Toujours, on a vu la femme aimer celui à qui elle a fait du bien, comme elle détestera le malheureux qu’elle a fait souffrir. Pourquoi en veut-elle à ce dernier, c’est un mystère que je ne puis approfondir. Mais, Robert pourquoi mademoiselle Auricourt se serait-elle montrée tout à coup si distante ? Si elle n’avait eu aucun intérêt pour toi, la jeune fille serait demeurée la même.

Non, Félix, Géraldine ne pouvait ignorer que je l’aimais, car tout en moi trahissait mes sentiments lorsque je l’apercevais ; tout, jusqu’à la tristesse que je ne pouvais cacher lorsqu’elle me quittait ; mademoiselle Auricourt n’est pas une de ces femmes coquettes et frivoles, qui prennent plaisir à connaître jusqu’à quel point peut aller leur empire, aux dépens du bonheur de celui qui en est épris. Géraldine a agi, entrainée par la sensibilité de sa nature, ne m’aimant pas, elle a fait tout son possible pour m’éloigner d’elle.

N’importe Robert, tout cela ne peut me convaincre, suis mes conseils, ne prends pas le malheur autant à cœur, je suis sûr que l’avenir prouvera que j’avais raison et que vous finirez tous deux par vous entendre ; car morbleu, à quoi prétend cette jeune fille, si les qualités du cœur et un physique attrayant ne sont comptés pour rien ? serait-ce la fortune qu’elle met au-dessus de tout cela ?
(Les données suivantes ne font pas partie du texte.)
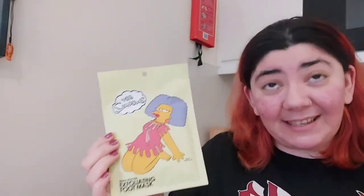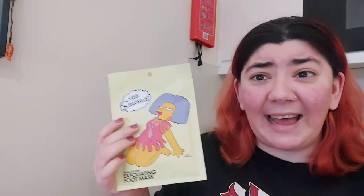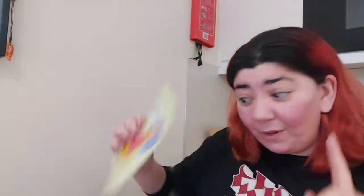I just love it because it's the Simpsons and I love Patty and Selma so much. This is Selma because it has a quote from her on the back. This was about £2.50 so it must have been £5 originally. Apparently you leave it on for an hour and then over the next few days your foot skin starts to peel off — I know that's quite disgusting but we all need a bit of a pamper sometimes.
Félix ne la rabaisse pas à ce point.

Géraldine a trop de désintéressement pour chercher la richesse chez celui qu’elle choisira.

De Raincourt allait répliquer lorsque le porte s’ouvrit, un soldat entra.

Capitaine, dit-il, le général vous demande.

Je pars répondit de Raincourt prenant son chapeau et son épée.

Robert s’approcha.

Pas un mot de notre conversation au général, dit-il.

Non, je saurai garder ton secret. Attends mon retour ici, j’ai encore tant de choses à te demander, tes communications m’ont fait retarder à requérir des nouvelles d’Hortense.

Eh bien ! hâte-toi de revenir, je serai tout à toi pour elle.

Le capitaine remercia du regard et s’élança au dehors.

Il est heureux, murmura Robert, il est aimé lui.

Malgré tout ce que venait de lui dire son ami, il demeurait convaincu de son malheur.